→ **WHAT IS EXPECTED**
Could you restate word for word the lines running from the one with "リブリライヴ湘南(1K/2階)の間取り写真" to the end of the data, both ends included, but without pictures?

→ **DATA FOR THIS EXERCISE**
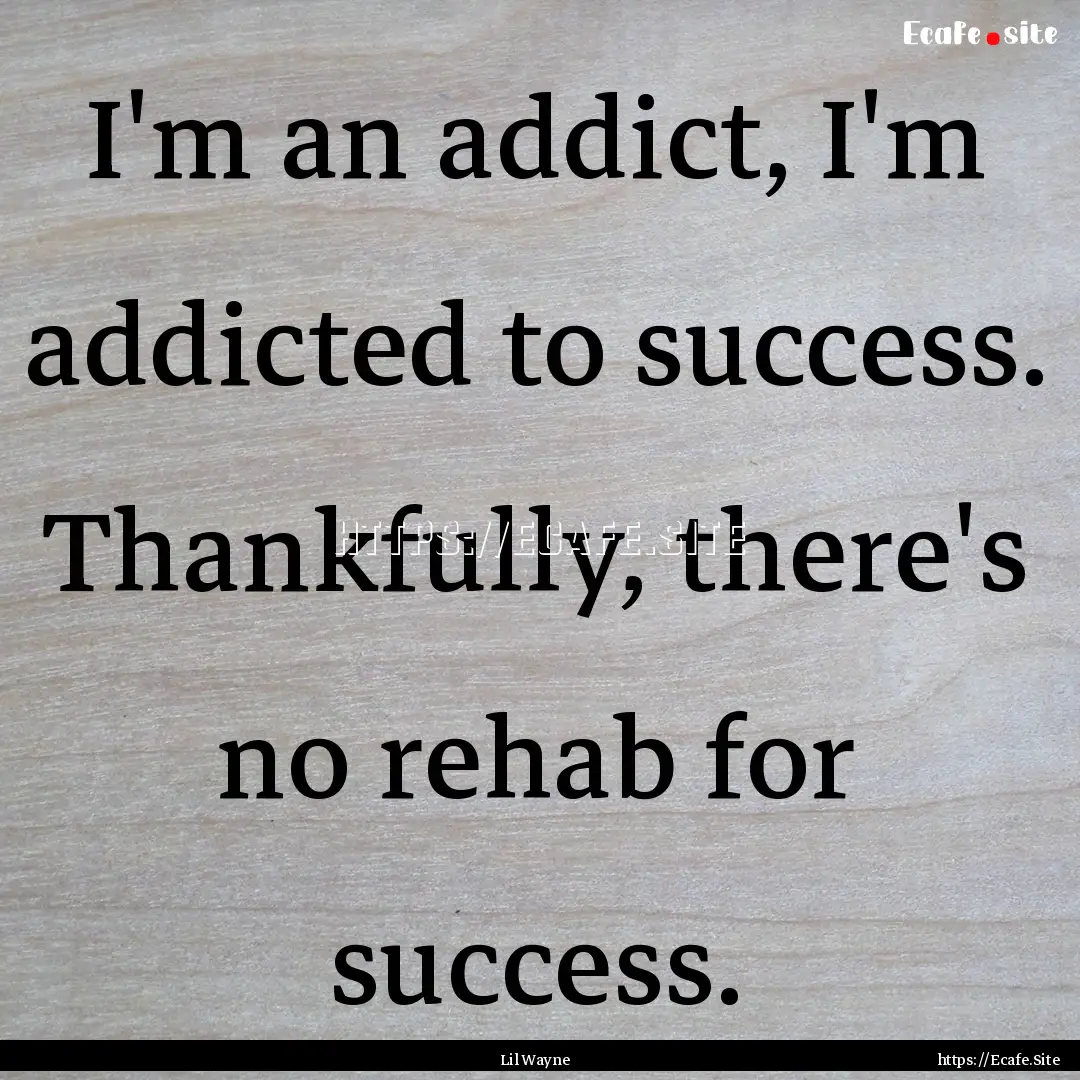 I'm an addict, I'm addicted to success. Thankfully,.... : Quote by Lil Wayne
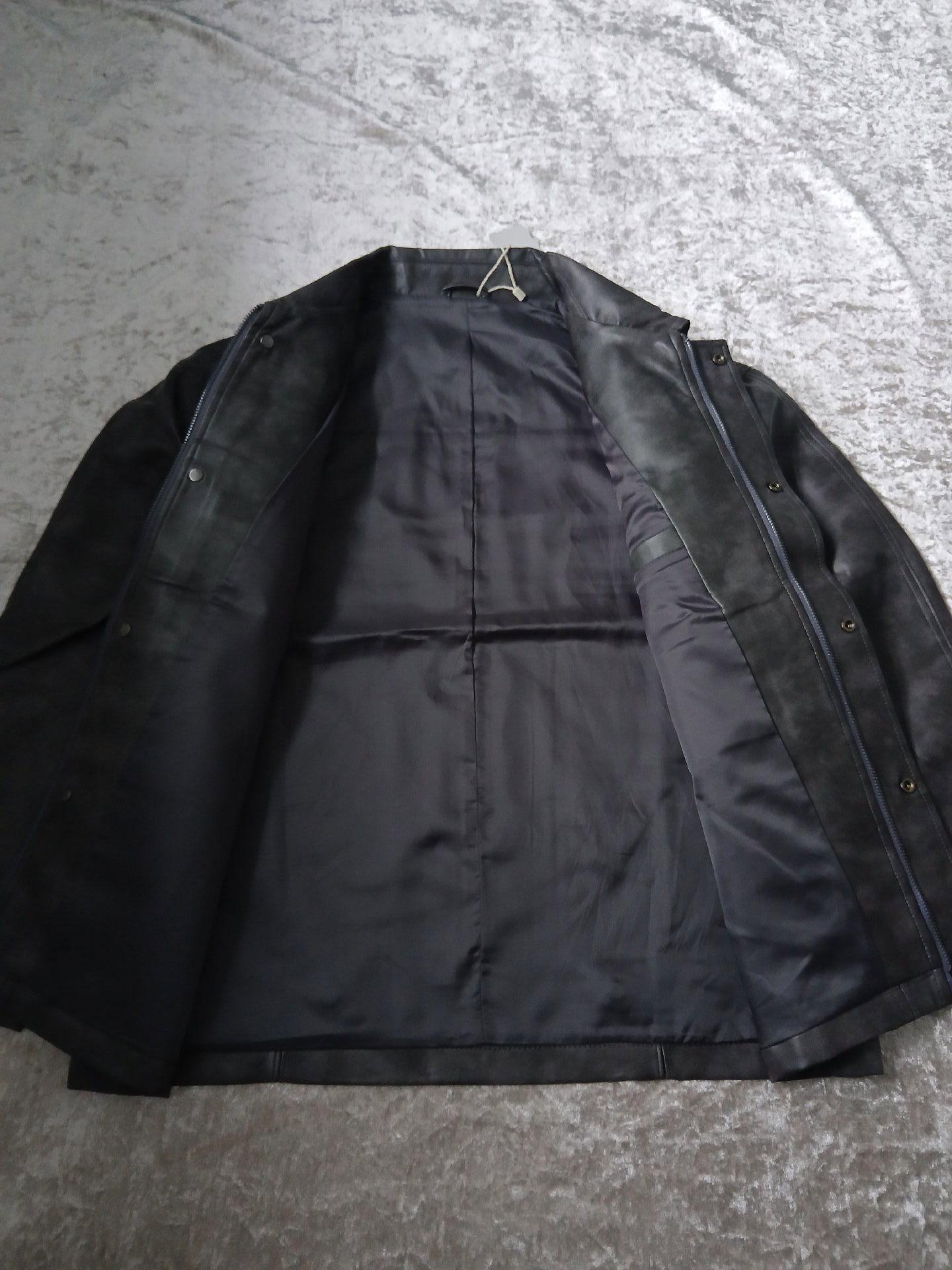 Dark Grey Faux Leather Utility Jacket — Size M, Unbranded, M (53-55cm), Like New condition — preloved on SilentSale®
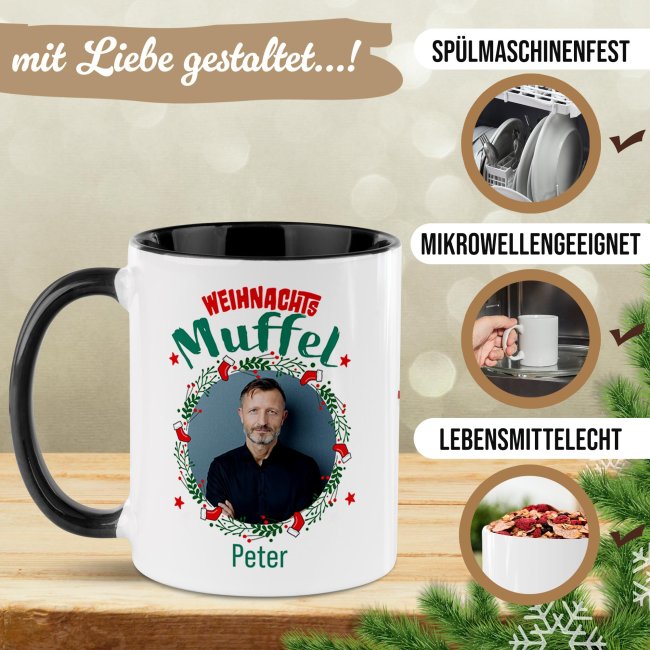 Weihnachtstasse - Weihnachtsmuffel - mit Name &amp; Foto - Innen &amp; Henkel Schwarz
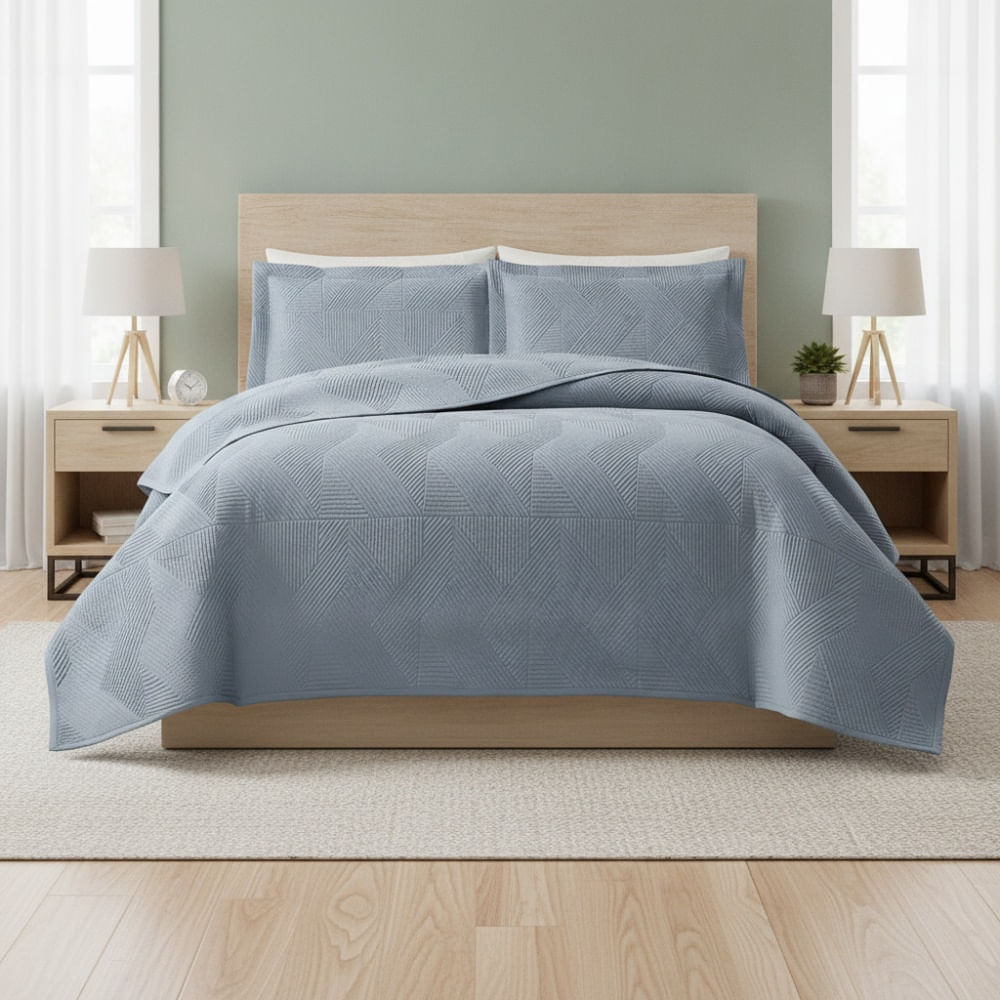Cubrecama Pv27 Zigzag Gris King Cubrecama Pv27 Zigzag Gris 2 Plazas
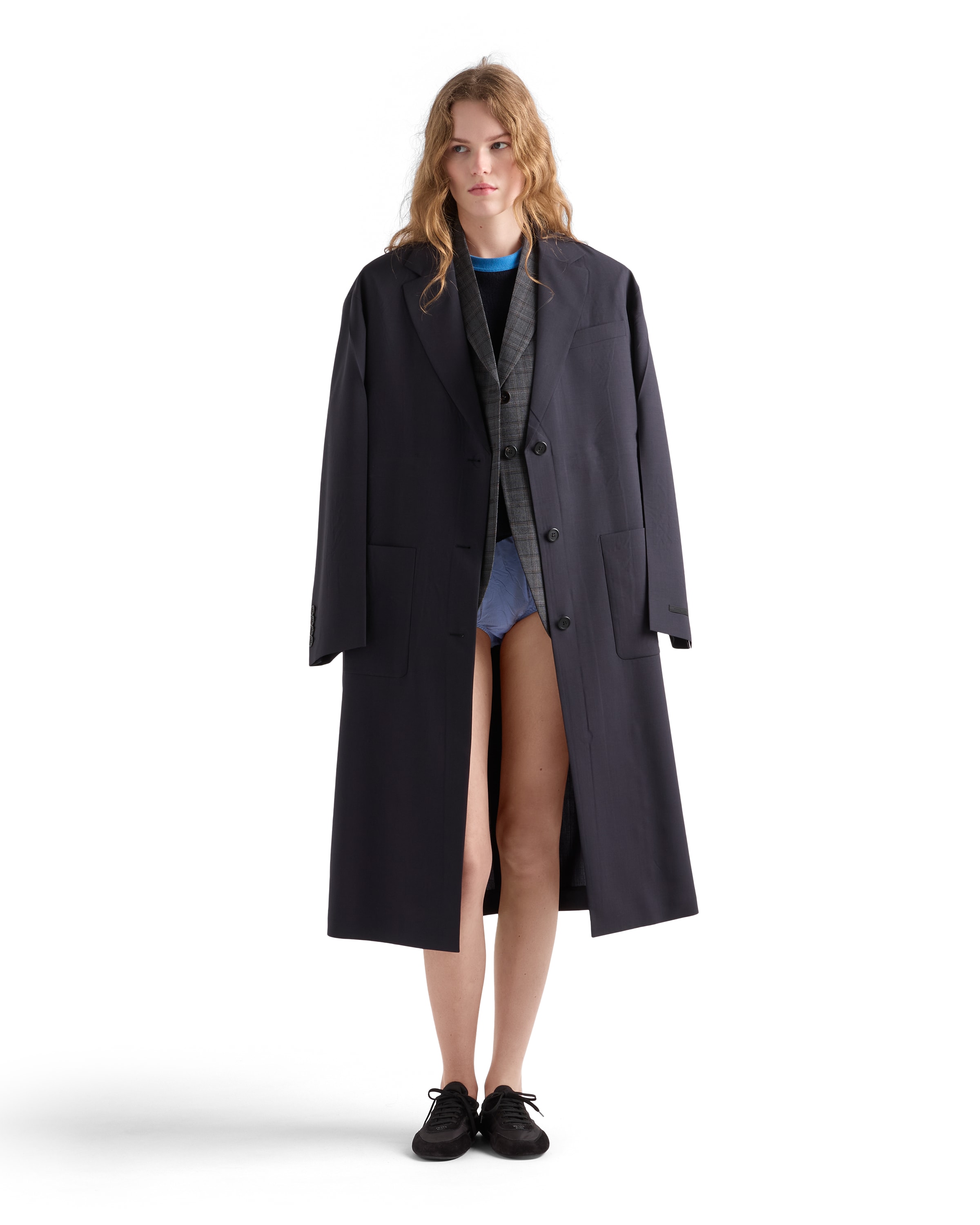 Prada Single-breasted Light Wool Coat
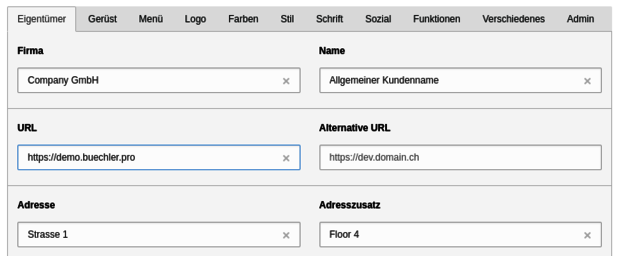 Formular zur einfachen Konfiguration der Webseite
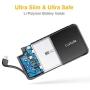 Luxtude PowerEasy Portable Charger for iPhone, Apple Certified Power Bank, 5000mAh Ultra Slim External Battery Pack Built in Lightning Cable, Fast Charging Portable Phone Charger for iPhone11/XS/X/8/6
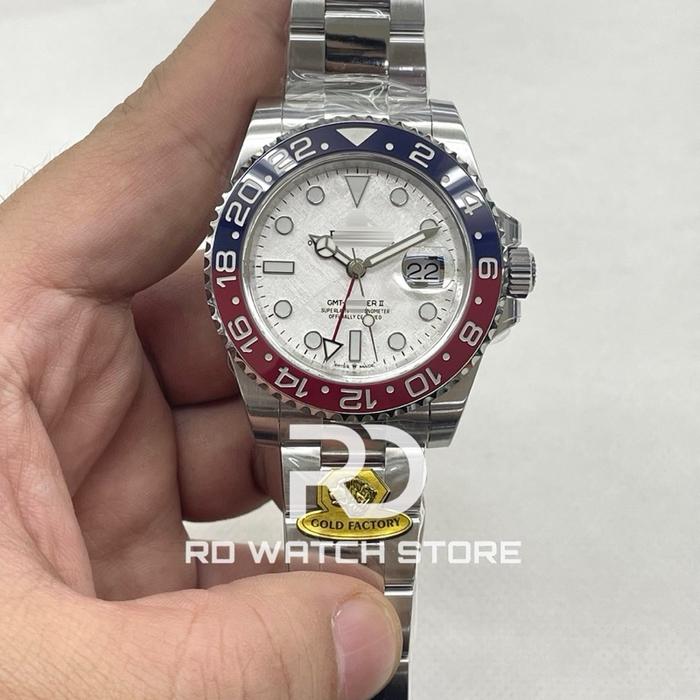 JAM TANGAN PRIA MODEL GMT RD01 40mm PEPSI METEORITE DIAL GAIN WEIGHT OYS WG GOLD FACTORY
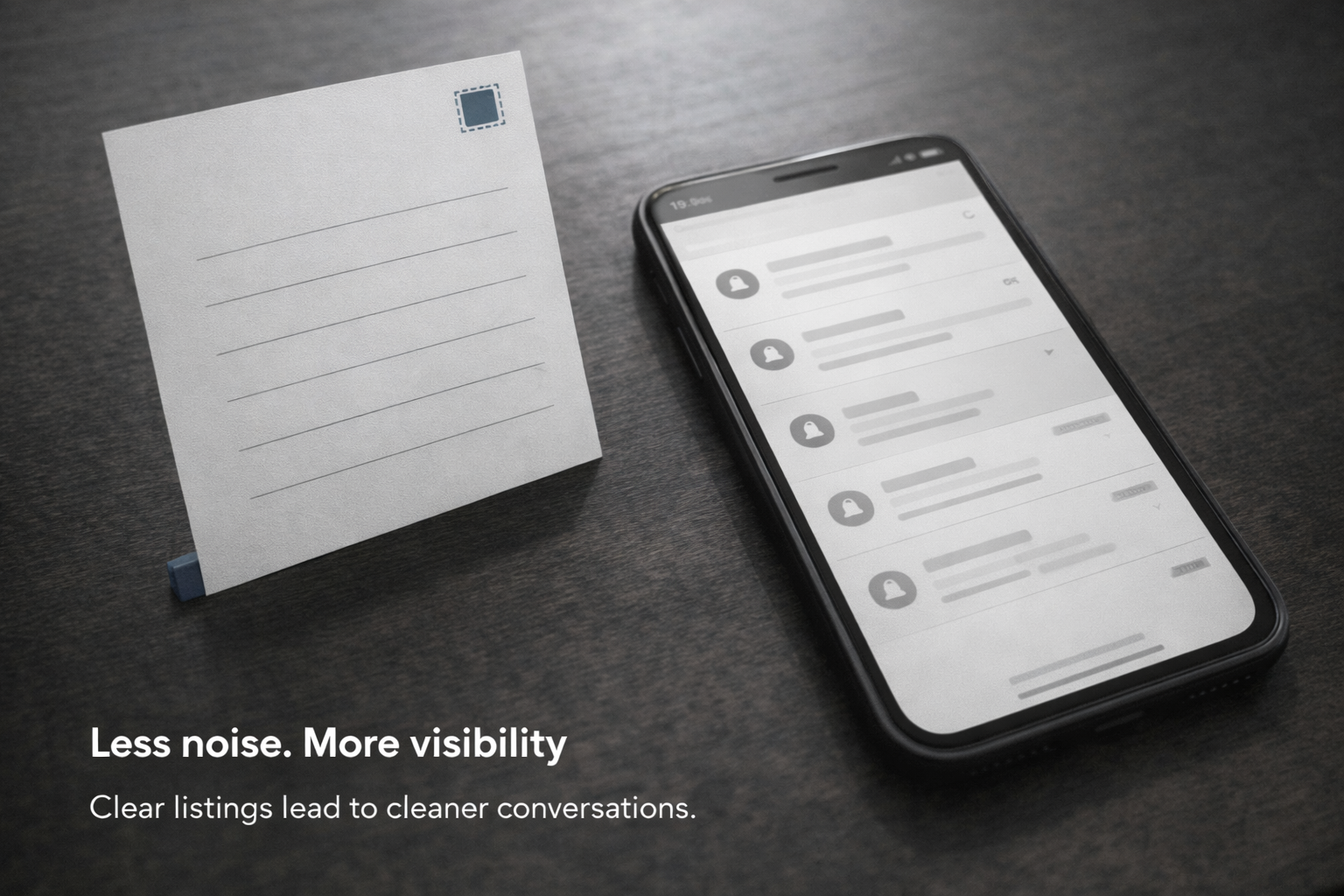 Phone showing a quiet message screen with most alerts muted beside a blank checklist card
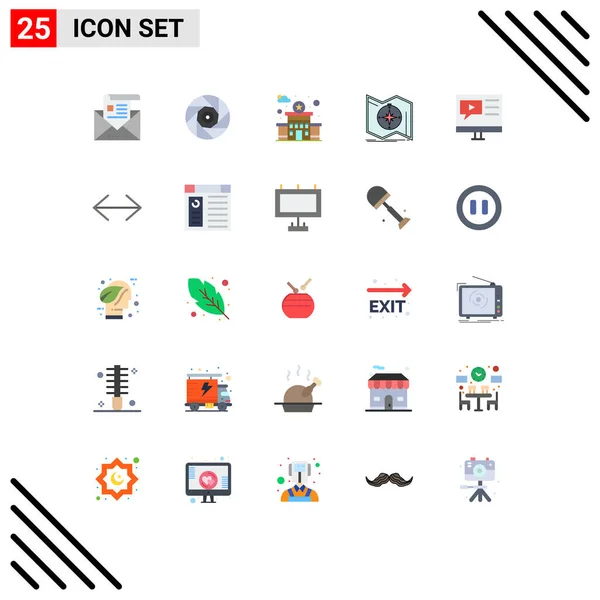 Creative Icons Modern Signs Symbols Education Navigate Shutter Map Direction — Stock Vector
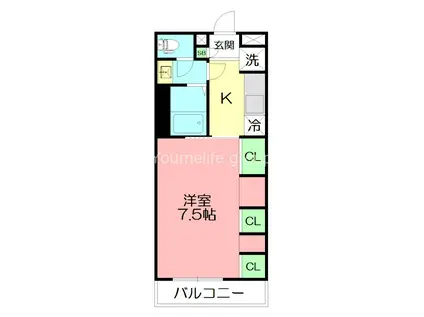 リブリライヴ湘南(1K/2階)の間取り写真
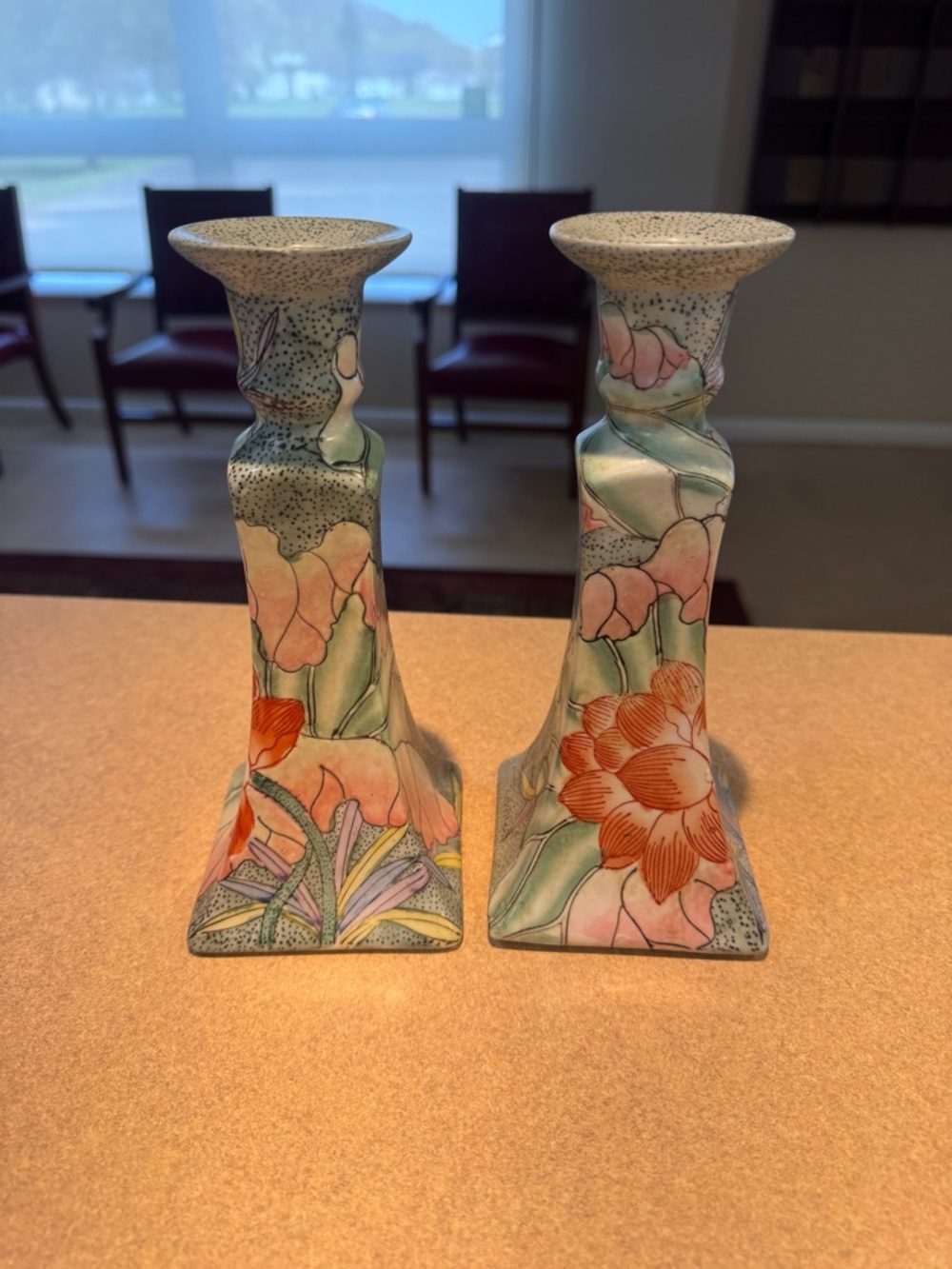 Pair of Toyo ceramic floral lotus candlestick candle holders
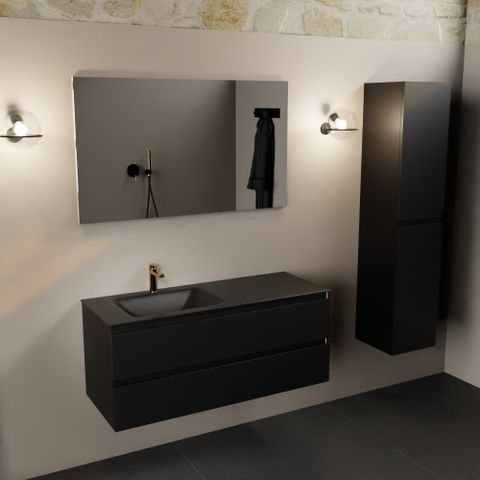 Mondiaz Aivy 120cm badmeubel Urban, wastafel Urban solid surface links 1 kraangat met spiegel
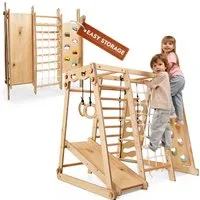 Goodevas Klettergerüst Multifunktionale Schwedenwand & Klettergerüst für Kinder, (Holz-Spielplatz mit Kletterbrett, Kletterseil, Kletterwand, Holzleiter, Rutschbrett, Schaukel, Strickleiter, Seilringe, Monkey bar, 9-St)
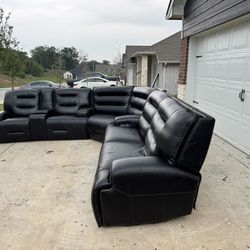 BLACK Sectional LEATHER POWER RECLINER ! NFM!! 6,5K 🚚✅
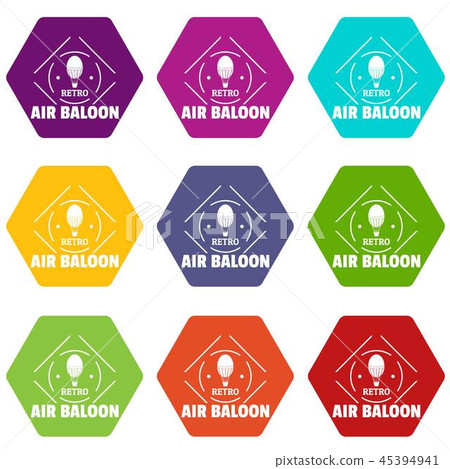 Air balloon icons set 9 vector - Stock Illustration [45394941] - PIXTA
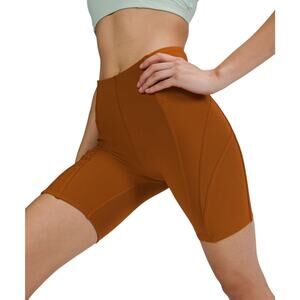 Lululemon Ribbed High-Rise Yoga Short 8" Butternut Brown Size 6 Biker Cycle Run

→ **RESPONSE TO THE TASK**
 リブリライヴ湘南(1K/2階)の間取り写真
 Pair of Toyo ceramic floral lotus candlestick candle holders
 Mondiaz Aivy 120cm badmeubel Urban, wastafel Urban solid surface links 1 kraangat met spiegel
 Goodevas Klettergerüst Multifunktionale Schwedenwand & Klettergerüst für Kinder, (Holz-Spielplatz mit Kletterbrett, Kletterseil, Kletterwand, Holzleiter, Rutschbrett, Schaukel, Strickleiter, Seilringe, Monkey bar, 9-St)
 BLACK Sectional LEATHER POWER RECLINER ! NFM!! 6,5K 🚚✅
 Air balloon icons set 9 vector - Stock Illustration [45394941] - PIXTA
 Lululemon Ribbed High-Rise Yoga Short 8" Butternut Brown Size 6 Biker Cycle Run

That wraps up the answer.